С Сергеем Бураго я была знакома раньше только по его работам. У меня был собственный экземпляр его «Музыки поэтической речи», которую я приносила на стиховедческий семинар, чтобы показать студентам интересные схемы и графики анализа звучности стиха. Ближе мы познакомились, когда к нам на кафедру поступила на внешний отзыв его докторская диссертация, и мне поручили писать кафедральную рецензию, что я и сделала с большим энтузиазмом – работа была яркая, оригинальная, творческая, с глубоким пониманием мелодической природы поэзии. Но когда вполне одобрительная рецензия была готова, на пути её официального утверждения возникли неожиданные преграды. Сергей  не понравился начальству. Удивительно, как люди, сидящие в высоких креслах, каким-то десятым чувством определяют из ряда вон выходящее – моментально срабатывает «непущательная» реакция. Диссертацию взяли на «досмотр»   на неопределённое время. В этой неприятной ситуации меня поразило почти фаталистическое смирение и терпение Сергея; сама я не обладала такими ангельскими свойствами и пыталась что-то делать. В конце концов, малая защита на кафедре состоялась, положительная рецензия была утверждена. С этого момента и до конца своей жизни Сергей выказывал мне самые дружеские чувства и не уставал благодарить за поддержку.

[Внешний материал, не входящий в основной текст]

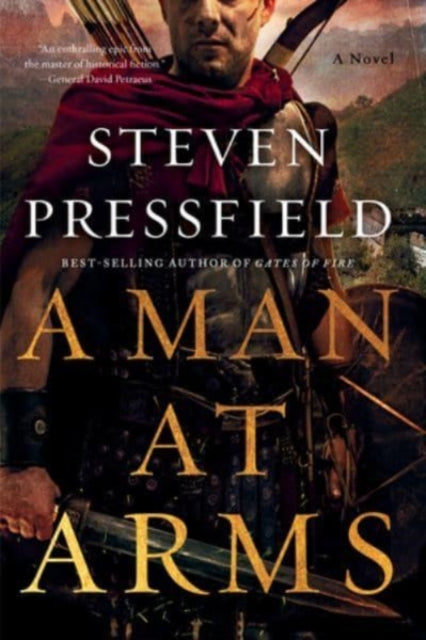 A Man at Arms: A Novel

В день приезда в Береговое Сергей, как всегда, был приветлив, но явно измучен дальним переездом – с рассвета до полудня провёл за рулём в своём жёлтом «Запорожце». Потом он объяснил мне, почему его «Запорожец», приобретённый на чеки, заработанные на Кубе, жёлтого цвета; оказывается, жёлтый и красный цвета видны при любом освещении и меньше шансов попасть в аварию. Сергей дорожил жизнью.

Бураго пригласили меня к себе на второй же день по приезде. Помню, что это было 7-е июля – на Ивана Купала. У нашей встречи был не только календарный, но и литературный повод. Томясь от зноя на берегу, я сочиняла «дежурные» четверостишия, одно из которых попросила чету Бураго дописать, чтобы получилось длинное юмористическое стихотворение (в студенческие годы мы все играли в такие игры на скучных лекциях).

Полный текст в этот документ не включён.